## Records to process
■ ■ ■ ■ ■ ■ ■

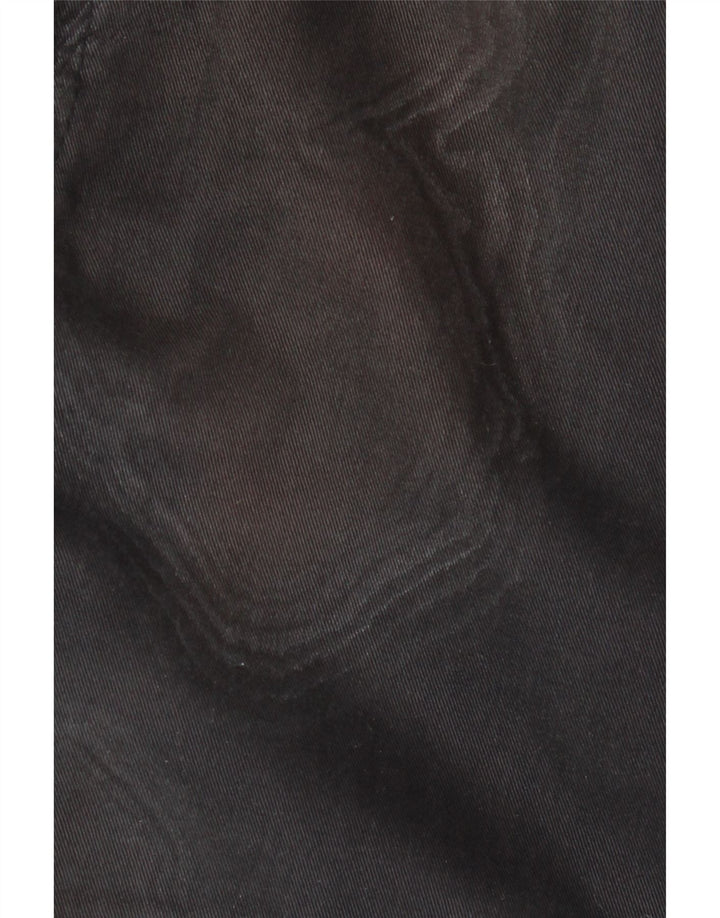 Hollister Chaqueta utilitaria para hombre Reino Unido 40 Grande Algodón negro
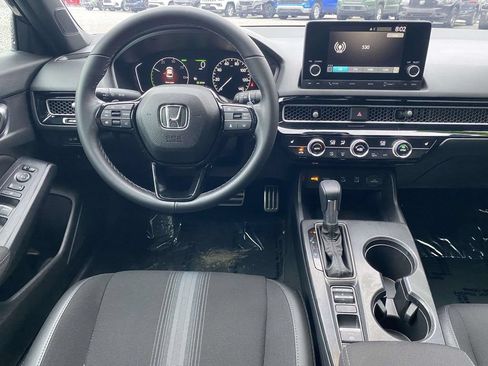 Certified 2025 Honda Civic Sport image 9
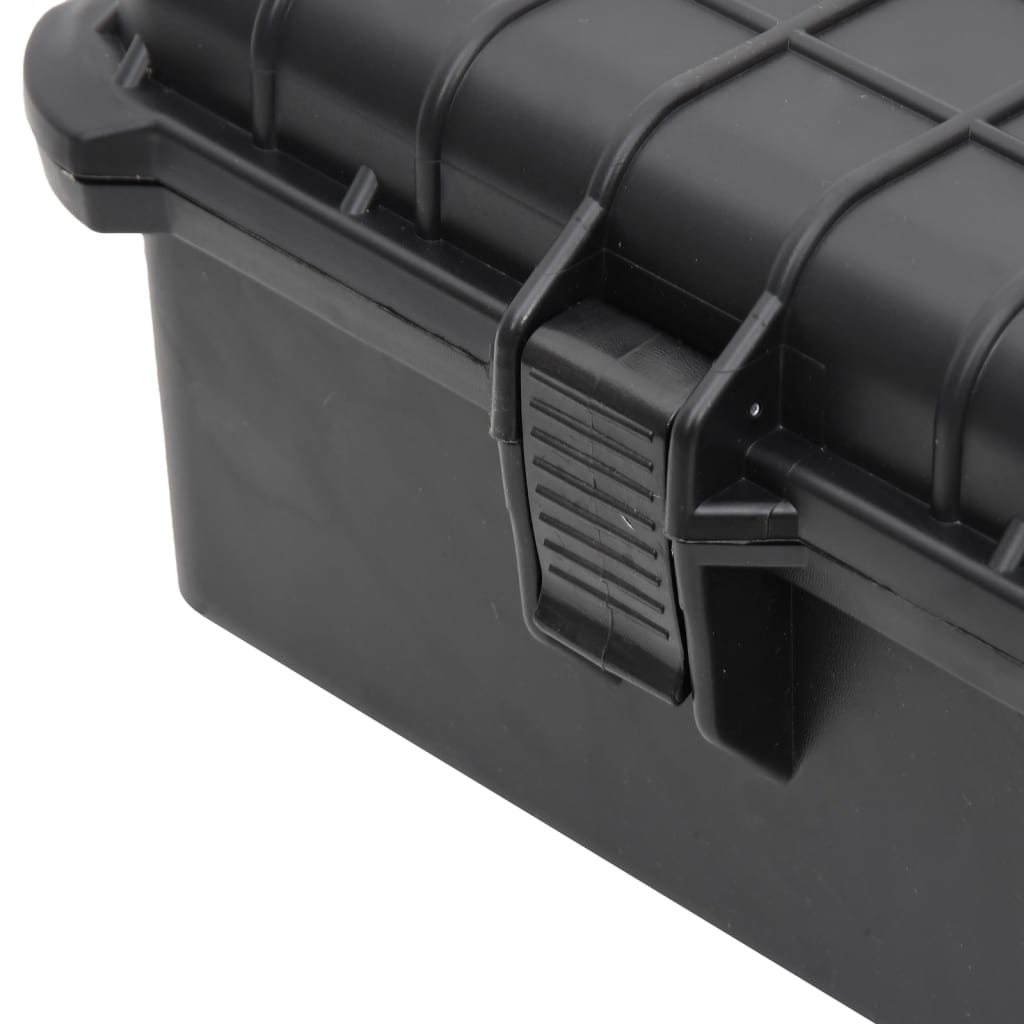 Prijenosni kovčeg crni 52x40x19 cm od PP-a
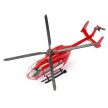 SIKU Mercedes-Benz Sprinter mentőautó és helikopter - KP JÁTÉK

■ ■ ■ ■ ■ ■ ■

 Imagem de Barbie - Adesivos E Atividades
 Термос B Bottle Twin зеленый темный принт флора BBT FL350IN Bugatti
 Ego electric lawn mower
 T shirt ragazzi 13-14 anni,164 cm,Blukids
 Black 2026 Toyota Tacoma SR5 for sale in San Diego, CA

■ ■ ■ ■ ■ ■ ■

## What is expected
Out of the records above, set down only the lines from the one that contains "Hollister Chaqueta utilitaria" through the one that contains "SIKU Mercedes-Benz Sprinter", unchanged and without the pictures.

## Solved problem
 Hollister Chaqueta utilitaria para hombre Reino Unido 40 Grande Algodón negro
 Certified 2025 Honda Civic Sport image 9
 Prijenosni kovčeg crni 52x40x19 cm od PP-a
 SIKU Mercedes-Benz Sprinter mentőautó és helikopter - KP JÁTÉK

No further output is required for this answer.